## Task statement
Records follow. Print exactly the lines from the one that has "10 Sheets Spring" through the one that has "Elegant Synthetic Printed", inclusive, and omit the pictures.

## Exercise materials
________

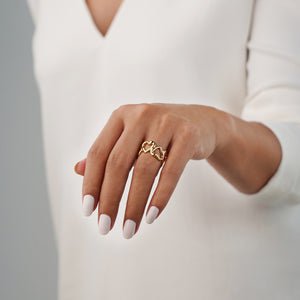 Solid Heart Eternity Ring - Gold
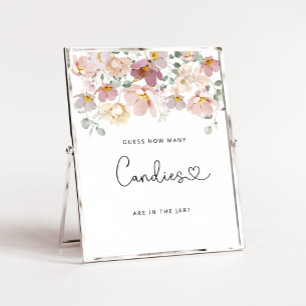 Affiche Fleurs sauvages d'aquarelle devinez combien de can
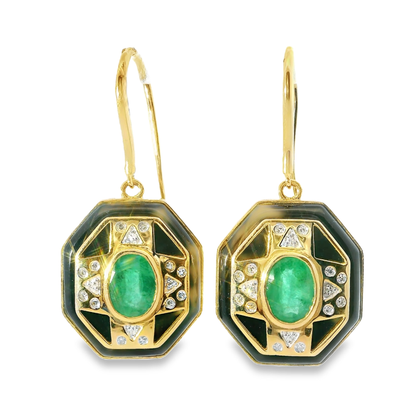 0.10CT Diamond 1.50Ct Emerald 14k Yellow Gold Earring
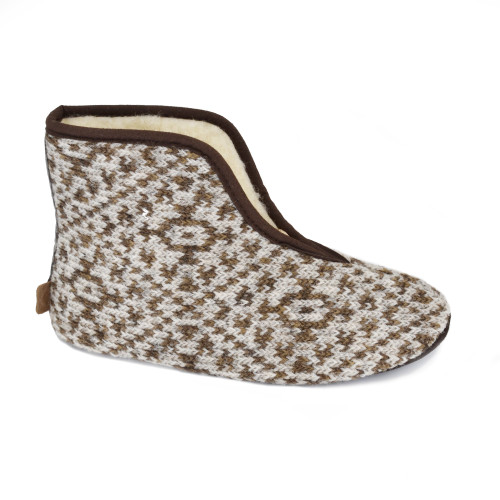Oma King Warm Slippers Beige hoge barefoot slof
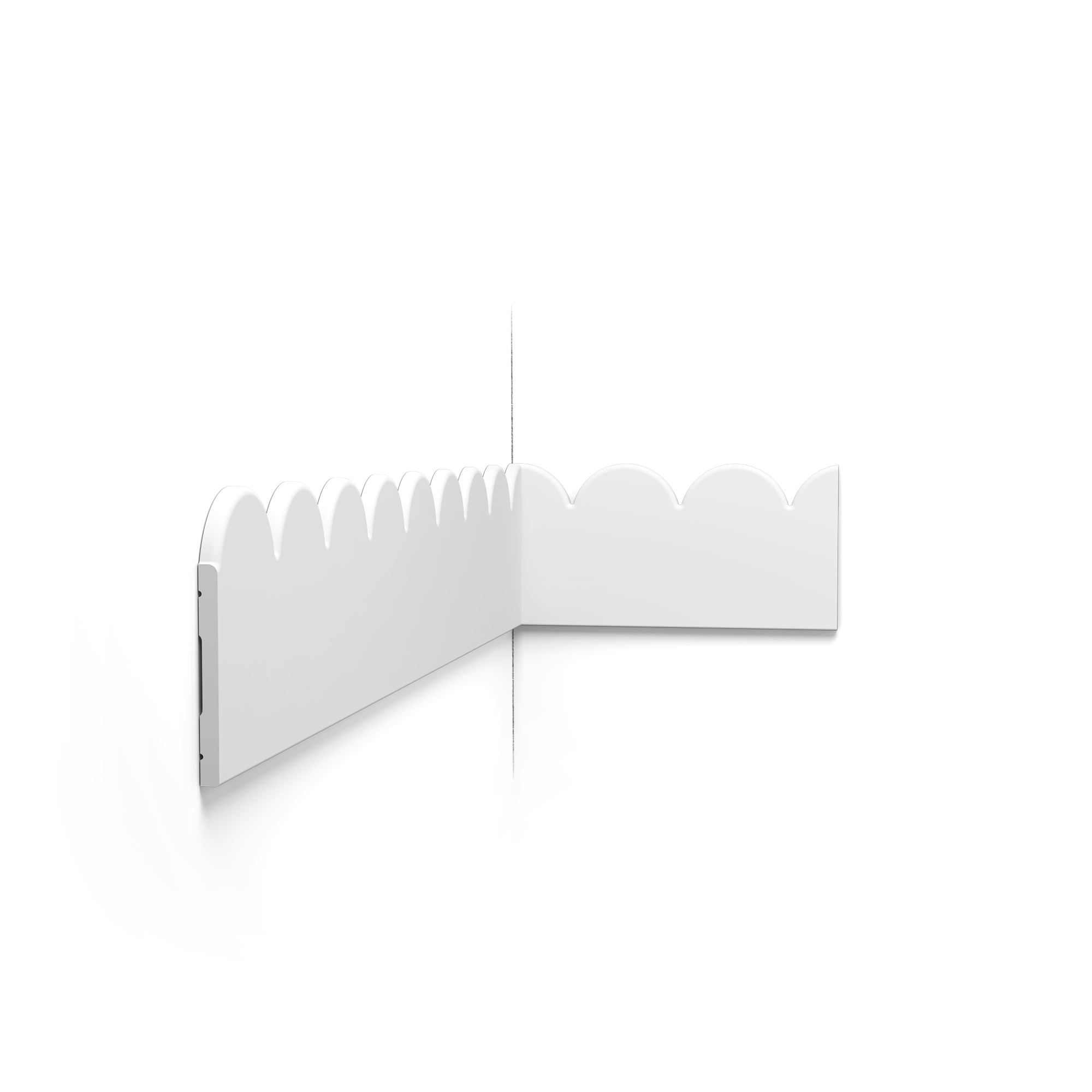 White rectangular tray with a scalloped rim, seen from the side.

________

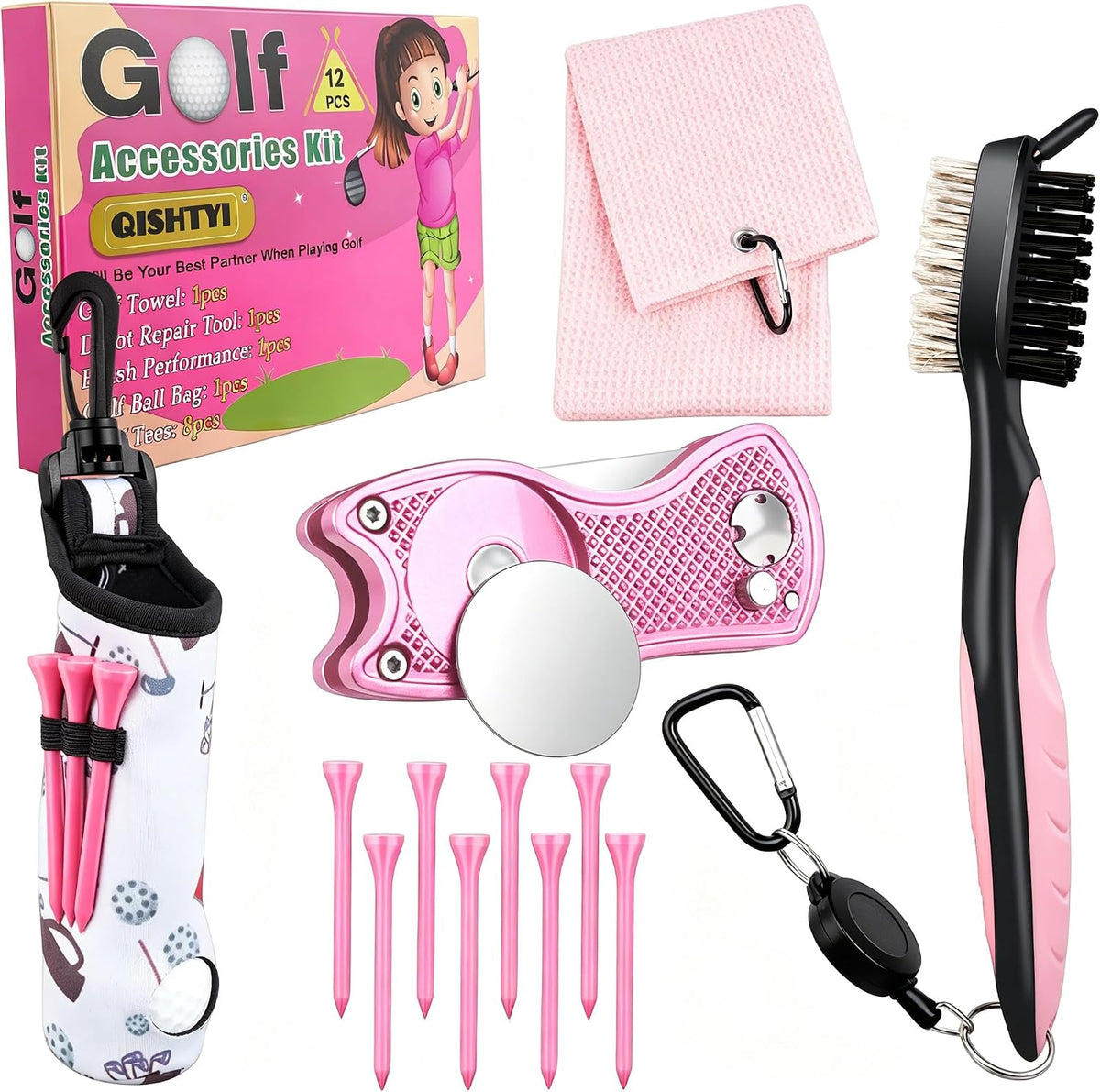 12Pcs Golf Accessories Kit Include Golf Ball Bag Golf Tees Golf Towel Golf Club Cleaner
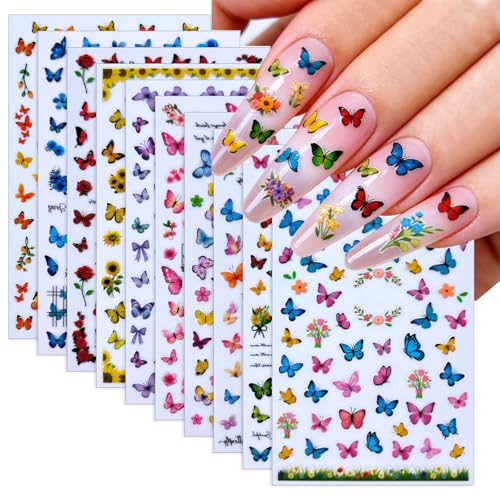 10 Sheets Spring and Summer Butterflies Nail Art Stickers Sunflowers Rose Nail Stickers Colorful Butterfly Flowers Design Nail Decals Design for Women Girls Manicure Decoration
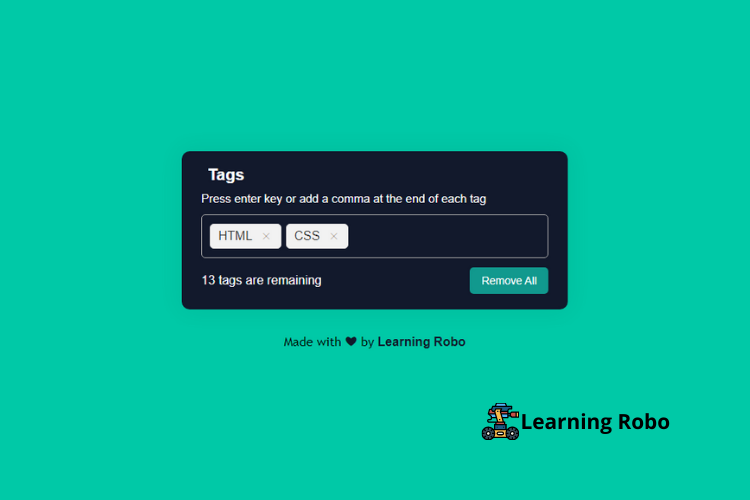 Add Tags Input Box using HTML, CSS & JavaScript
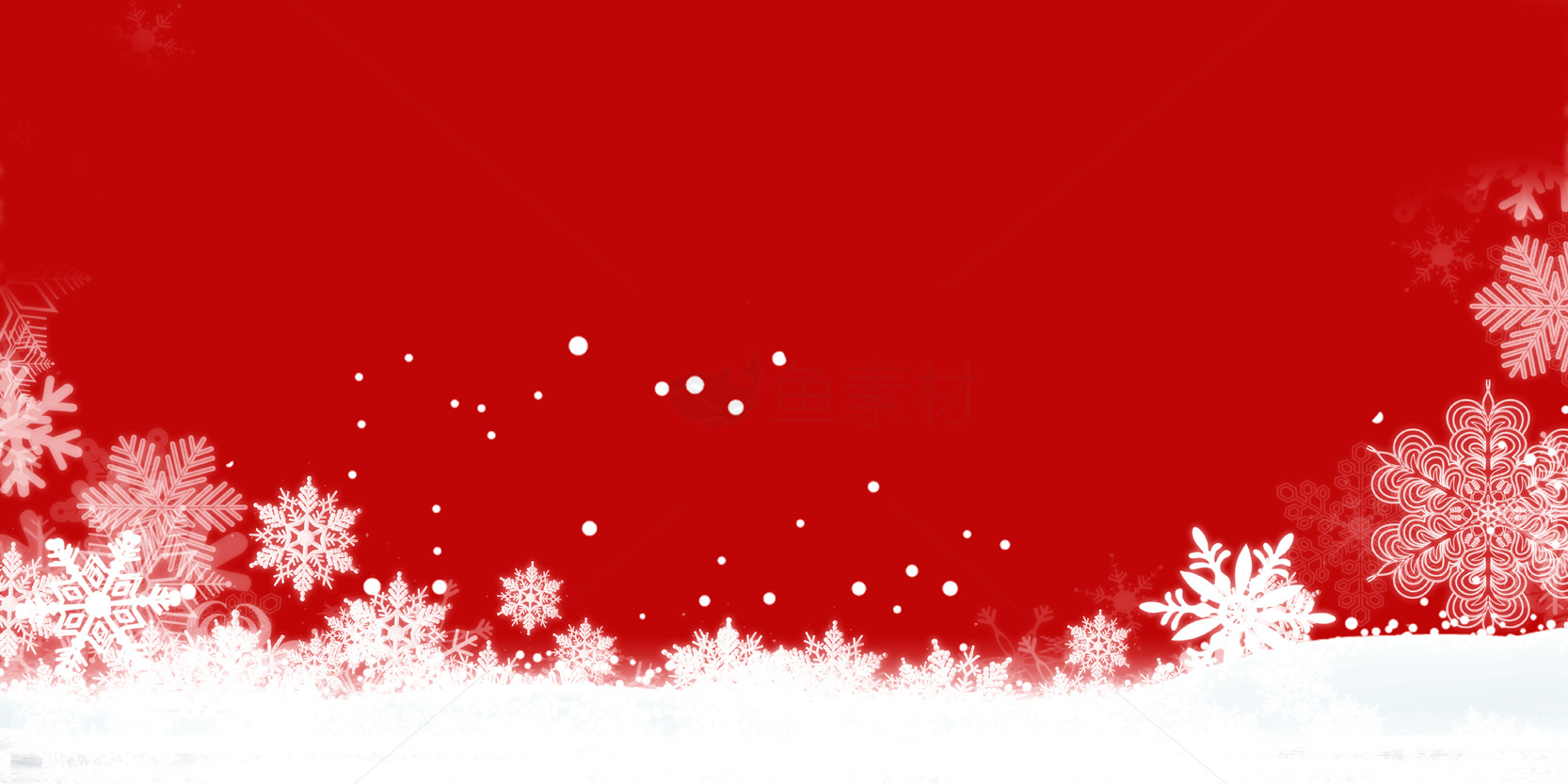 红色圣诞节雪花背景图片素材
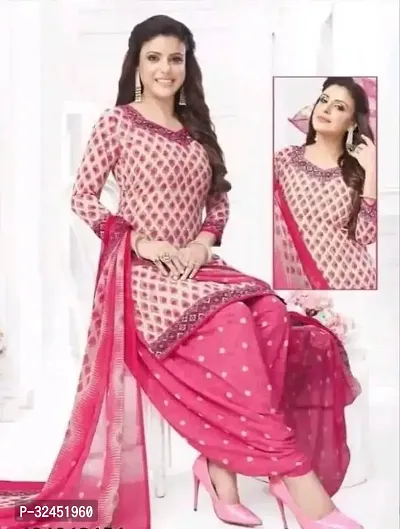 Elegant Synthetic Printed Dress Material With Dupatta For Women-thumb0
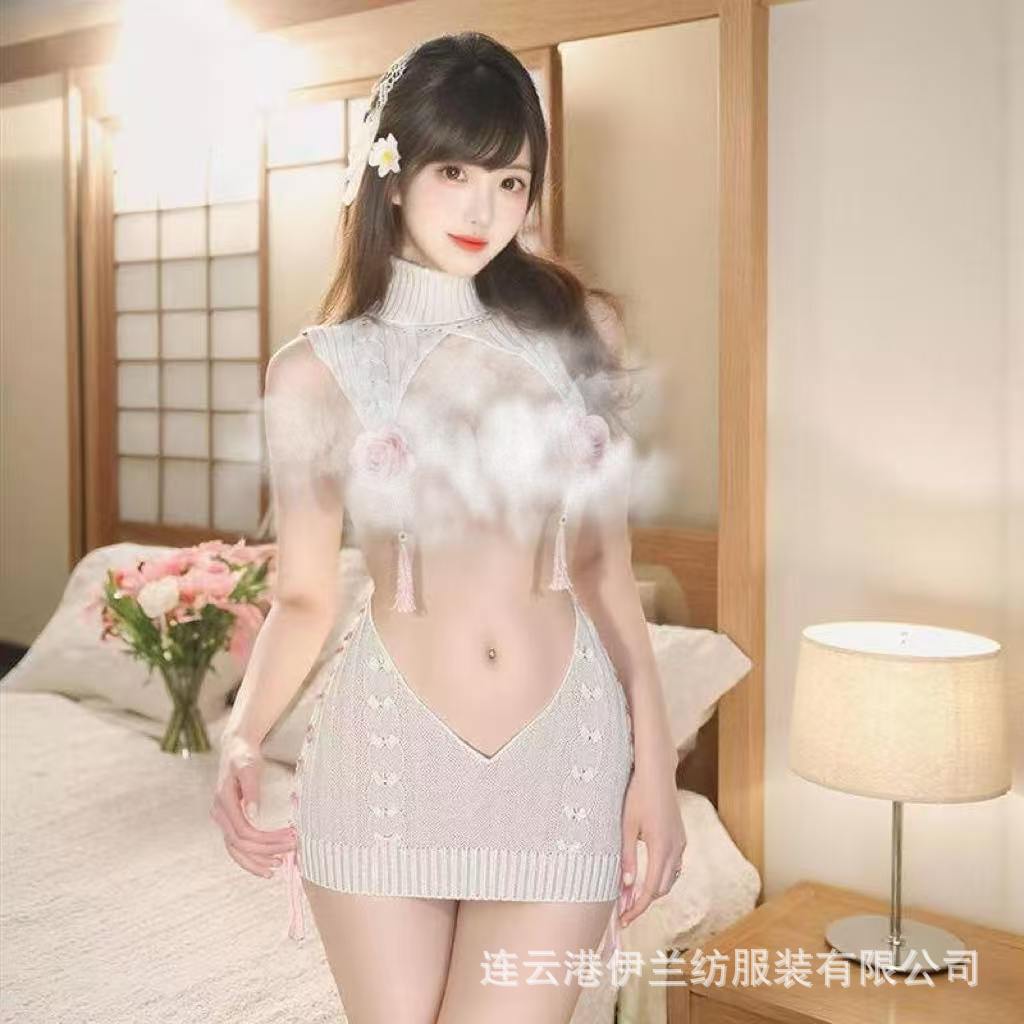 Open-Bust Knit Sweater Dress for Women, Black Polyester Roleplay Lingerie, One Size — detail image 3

________

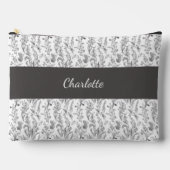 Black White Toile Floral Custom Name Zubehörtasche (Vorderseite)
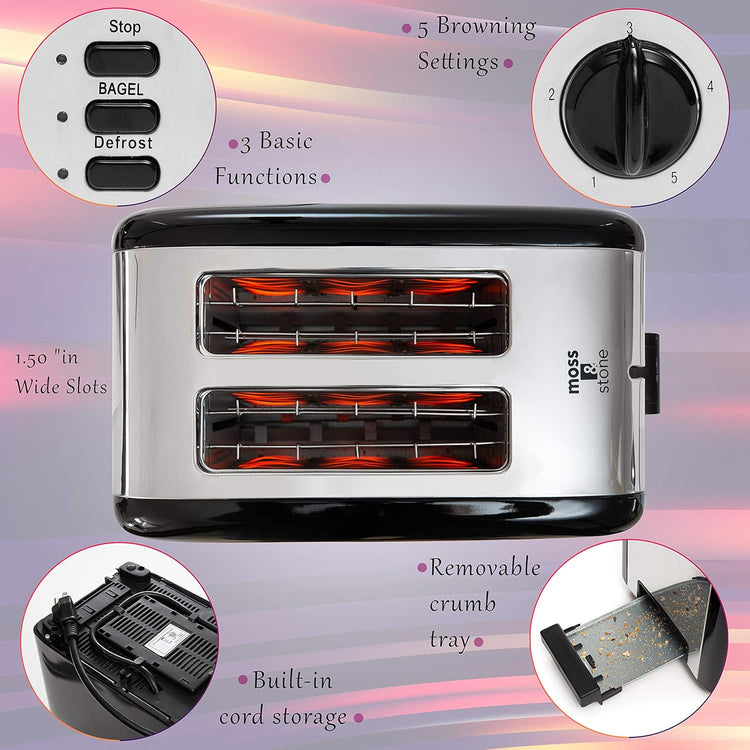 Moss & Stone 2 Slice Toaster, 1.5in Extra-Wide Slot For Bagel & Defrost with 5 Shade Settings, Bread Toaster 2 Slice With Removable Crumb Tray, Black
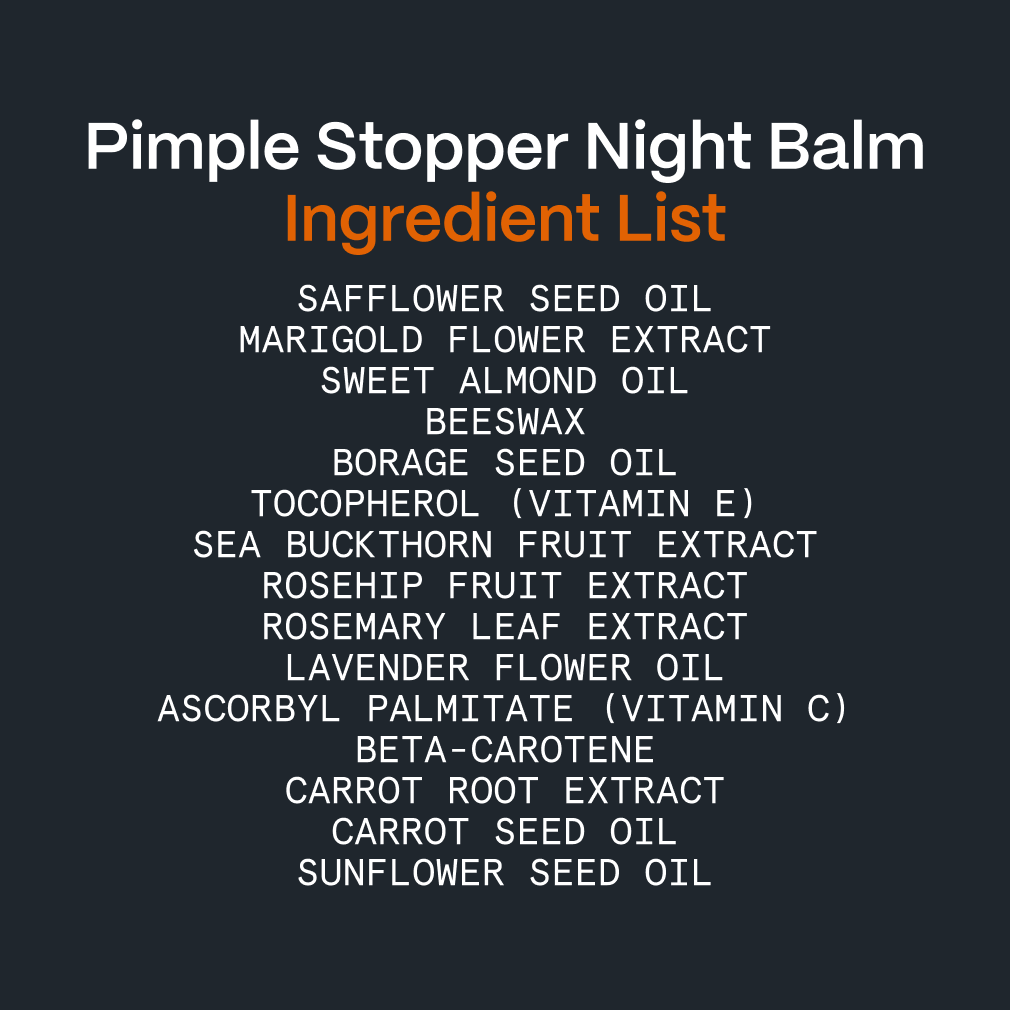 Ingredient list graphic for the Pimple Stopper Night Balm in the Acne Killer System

________

## Response to the task
 10 Sheets Spring and Summer Butterflies Nail Art Stickers Sunflowers Rose Nail Stickers Colorful Butterfly Flowers Design Nail Decals Design for Women Girls Manicure Decoration
 Add Tags Input Box using HTML, CSS & JavaScript
 红色圣诞节雪花背景图片素材
 Elegant Synthetic Printed Dress Material With Dupatta For Women-thumb0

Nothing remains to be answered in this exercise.